The Virginian-Pilot
                             THE VIRGINIAN-PILOT 
              Copyright (c) 1996, Landmark Communications, Inc.

DATE: Friday, January 5, 1996                TAG: 9601050462
SECTION: LOCAL                    PAGE: B1   EDITION: FINAL 
TYPE: Column 
SOURCE: Guy Friddell 
                                             LENGTH: Medium:   61 lines

HELEN HILL MILLER: LIFE WITH LOVE OF LEARNING

It is not surprising that at the death of Helen Hill Miller the other day at age 96 she had just completed a memoir, ``Washington Observed.''

That would have held true at any time in her career, for she was busy always on a major work, not out of a sense of discipline but from a lust for learning. She relished work.

She wrote upwards of 20 books, each researched exhaustively on the scene, ranging in topics from the site of King Arthur's Round Table to a defining biography of Virginia's least-known founding father, ``George Mason, Gentleman Revolutionary.''

Former Gov. Colgate Darden said the portrait of Mason should have merited the Pulitzer Prize.

Her elder son, Andrew Pickens Miller, once said, ``Mother is apt to write about anything in which she is interested, and she is interested in most everything.''

Talk with her was a joy. On any subject, she offered insights. Her blue eyes, under wavy white hair, were sharp; her movements and words quick, wren-like. Her laughter a delight. Her air, eagerness.

She began writing books when she began writing. A linoleum-bound scrapbook of childhood compositions is titled ``Poem Book.''

From the start, too, she was a rebel. When a seventh-grade teacher favored one boy and failed another, Helen rallied his friends and led them to the principal's office to protest.
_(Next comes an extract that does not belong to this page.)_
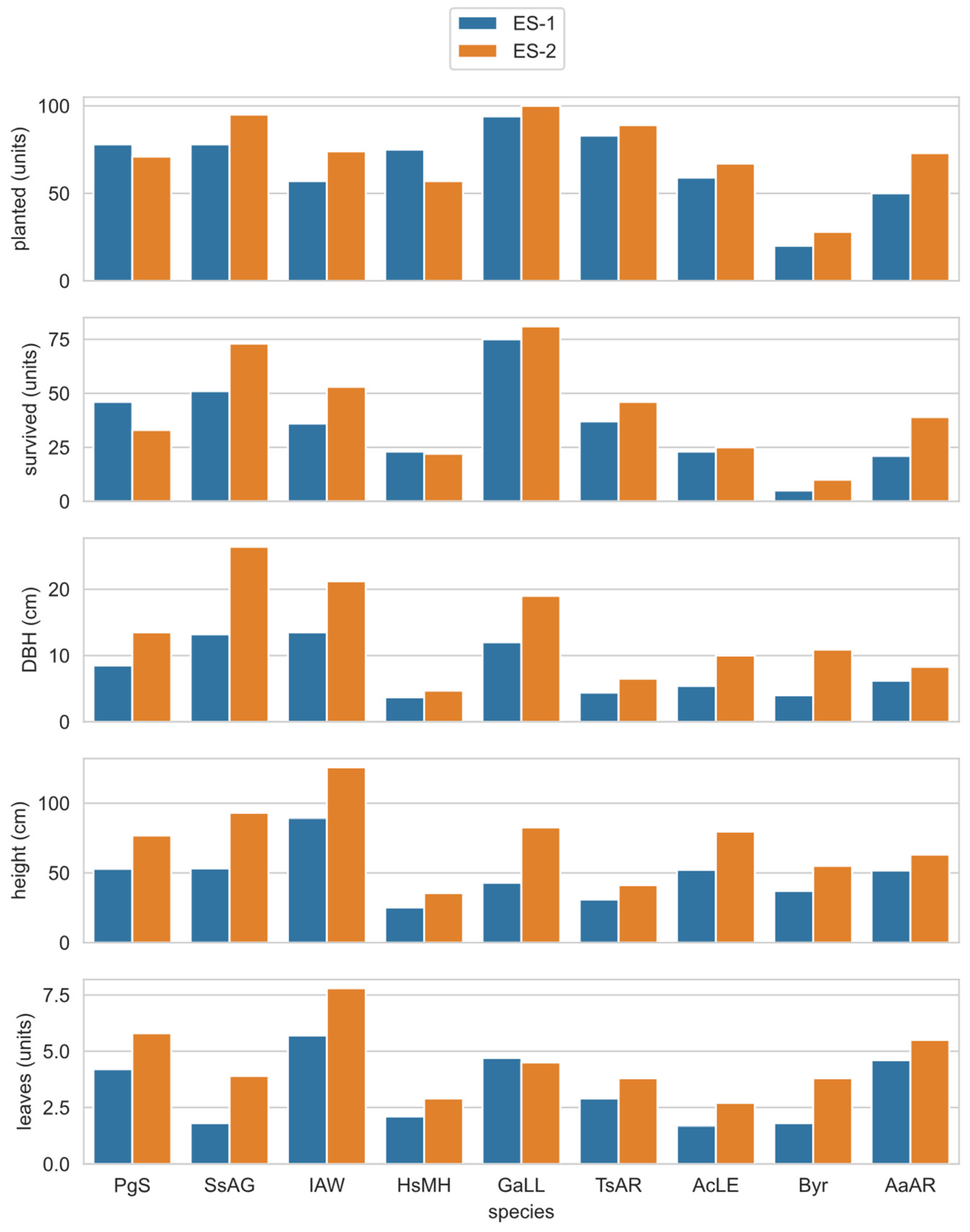 Sustainability 13 07849 g003 Sustainability 13 07849 g003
They won his reprieve.

``I had a complete adolescent revolt.'' she said. ``The society of Lake Forest, Ill., where I grew up, was most exploitive and I walked out of it, body and soul. . . on my own.''

In Bryn Mawr, dissatisfied with English teachers, she led her friends in collecting funds to bring to the campus a then little known New Hampshire poet, Robert Frost.

To broaden her horizons, she went to Oxford University to study economics and political science. There she met Francis Pickens Miller just out of the army, studying history and theology. He courted her on the tennis court.

She was ``perfectly outraged'' at his calling her shots good ``when it was obvious even from my end of the court they were out.''

He called her ``The little Puritan.'' With her at his side, he brought competition to Democratic primaries in races for governor in 1949 and the U.S. Senate in 1951.

Their son, Andrew, won a race for attorney general and lost one for governor. Another son, Robert, is a leader in the Presbyterian Church.

After earning a Ph.D. at the University of Chicago, she became a correspondent for The Economist, then Newsweek, and began the books that still beckon. One, ``The Case for Liberty,'' is as fresh as today's headlines on the Bill of Rights. And will remain so. ILLUSTRATION: Photo

Helen Hill Miller, dead at 96, wrote upwards of 20 books, each

researched exhaustively on the scene.